Added Headley, “If a kid wants to bring a weapon into school, he or she will get around the metal detectors; I guarantee that.”
In 2018, there already have been 17 school shootings nationwide, according to CNN, and President Donald Trump has suggested arming teachers. Headley and Branch oppose putting more guns into Milwaukee Public Schools because they feel officers and metal detectors haven’t made them safer.
“What’s the point of adding more guns to our schools when we already don’t feel safe,” Branch said.
“Arming teachers and security guards will not make our schools safer… it will only make us feel like prisoners,” Headley said. “The damaged trust between students and police officers will only perpetuate the constant tension that fills the halls of our schools.”

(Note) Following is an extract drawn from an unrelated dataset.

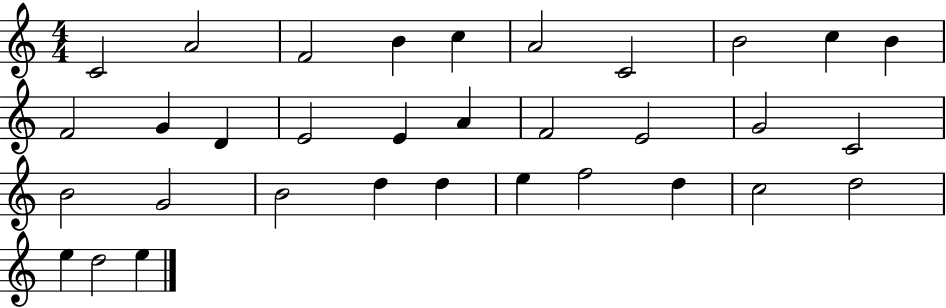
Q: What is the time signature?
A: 4/4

“Growing up in a black community, we were taught to fear police,” Branch added. “That’s just a part of our culture.”
Other points in the LIT plan include creating an inclusive school code, increasing the number of licensed support professionals and reducing classroom size. Headley and Branch demanded that MPS hire more teachers and educational assistants to reduce class sizes.
“Small class size improves student outcomes, especially for student of color and low-income students,” Headley said. “Milwaukee’s student-to-teacher ratio exceeds the state average.”
Jim Gross, a third-grade teacher at the Academy of Accelerated Learning, said there is no easy solution to such a complex problem. “Students and faculty want to feel safe when going to school but it’s so hard to say what is right and what is wrong for the district.”
According to the organizers, Leaders Igniting Transformation does not expect MPS to adopt its entire 14-point plan, but the group does expect the protest to spark a conversation.
Branch said that her top goals are to remove officers and metal detectors from the schools and to end suspensions and expulsions. “It’s going to be a fight, but we aren’t going to stop until we succeed.”